By toggling a variable on or off and reviewing its impact on adjusted R-squared we can get a better idea of whether it’s a meaningful input. I normally do this by first limiting to just one or two of the variables I know I want to include and experimenting from there. As I include an increasing number of variables, I’ll monitor the changes in adjusted R-squared. Pretty quickly, things will reach a point where toggling variables on or off has little to no impact. This is why I like to review variables on their own first. Try this out yourself and notice the major difference between including weight, rushing yards per game, and rushing touchdowns per game versus weight, rushing yards per game, and draft position.
One thing that I’d recommend you limit is variables that can “overlap.” For example, I wouldn’t advocate selecting rushing touchdowns per game, receiving touchdowns per game and all-purpose touchdowns per game. The former inputs are encapsulated in the latter and as a result redundant. Ideally, we want our included variables to be independent of each other.
This naturally leads to the question: “so how do I know which model is better or which to use if I can create four or five with a similar adjusted R-squared while limiting their p-values?” In cases like this, I like to review the results across models and see if there is significant variation. Often, players will fall in a similar range in all the models created, especially if you include draft position.
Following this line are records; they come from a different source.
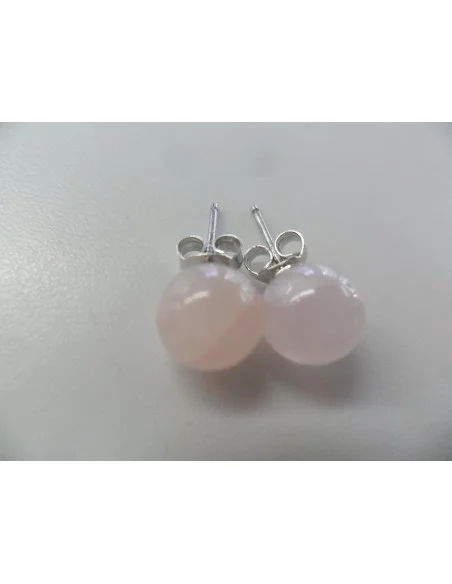 Quartz rose boucles 8mm Quartz rose boucles 8mm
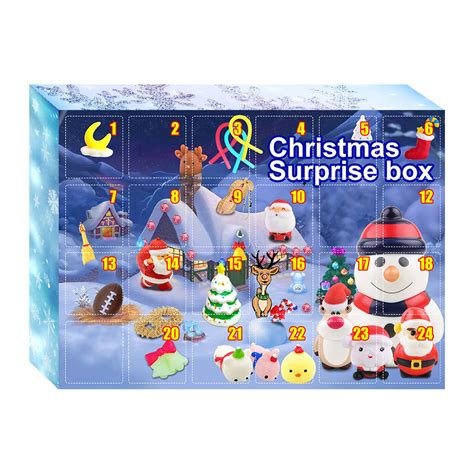 Buy Advent Calendar 2021 - 24 Days Of Surprises Fidget Toys Bulk ...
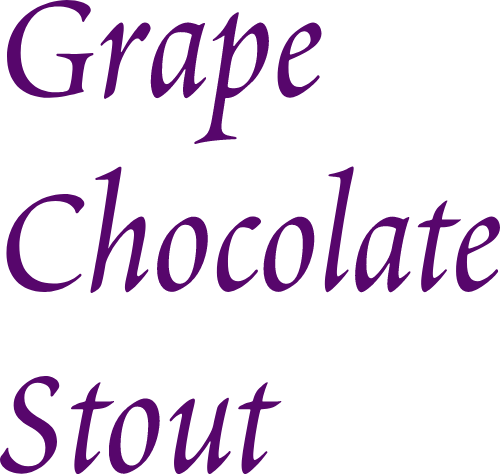Grape Chocolate Stout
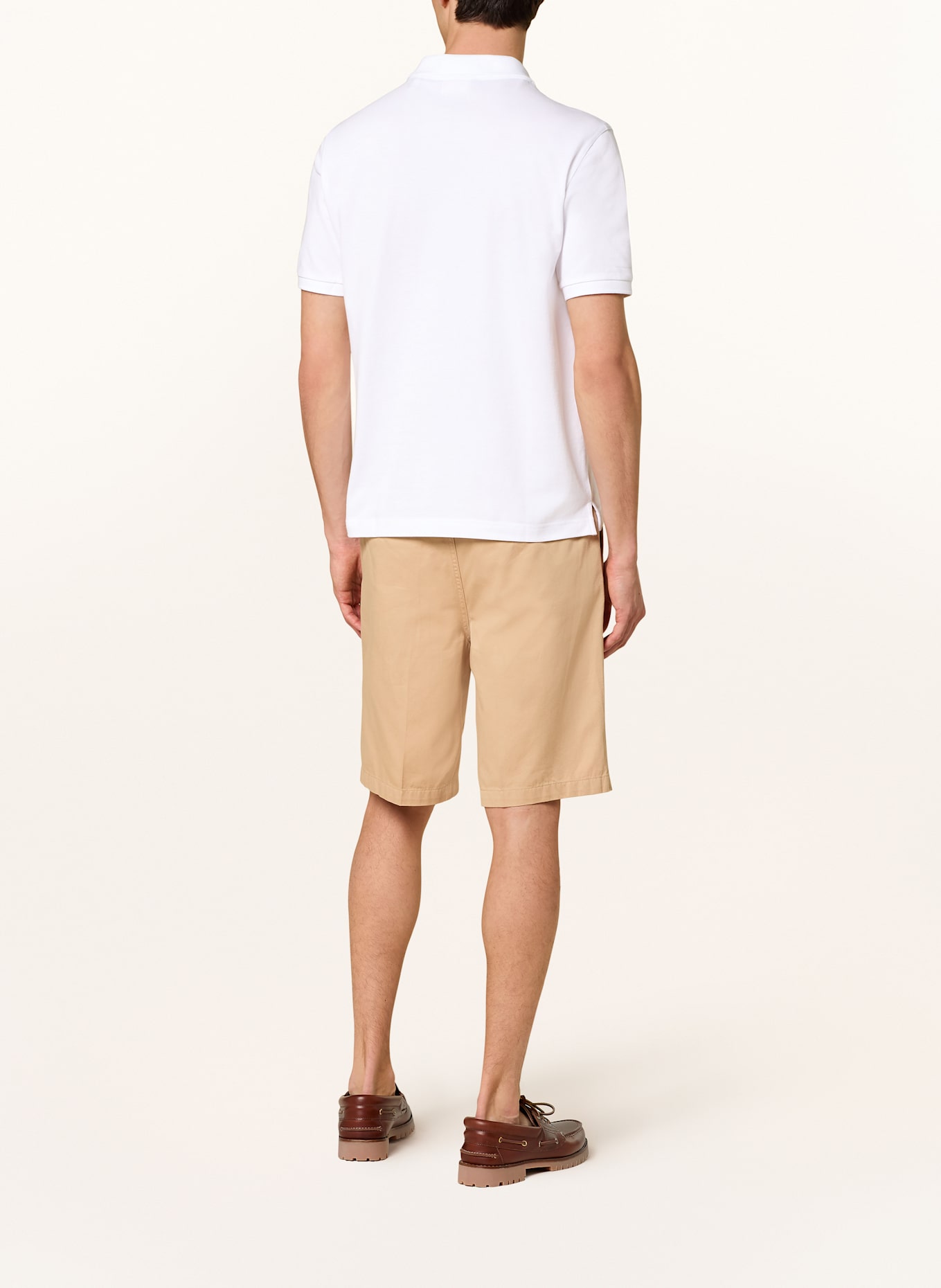 GANT Piqué-Poloshirt: WEISS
While the example model is simple, it gets the R-squared to one of the higher levels achievable without including unnecessary or counterproductive variables.
Given the variables I included, Swift looks like a solid prospect who can be expected to score somewhere around 330 points in his first three NFL seasons. Players with similar projections, given the created model, are really encouraging, and a number recorded multiple fantasy-relevant seasons.
The “Subject Player” table displays the variables we included, Swift’s numbers for these inputs, a projection of the total points he will produce in his first three seasons, and a projected percentile. His projected percentile of 80 means that only 20% of players are projected to score more points in their first three seasons according to the model we built.
The “Players With the Closest Projections” table lists out the 12 players with the closest scores given the model. These players aren’t “comps,” but players that the model projects to have about the same number of points in their first three seasons. As you can see, several players, notably Ray Rice, beat their expectations. That’s not to say that Swift is guaranteed to have success. The model projects Bishop Sankey favorably, and we all know how his career panned out. Nonetheless, this is still an encouraging projection for Swift as it places him in a range with some solid company.
Play around with the lab, workshop different configurations, and have fun reviewing the results!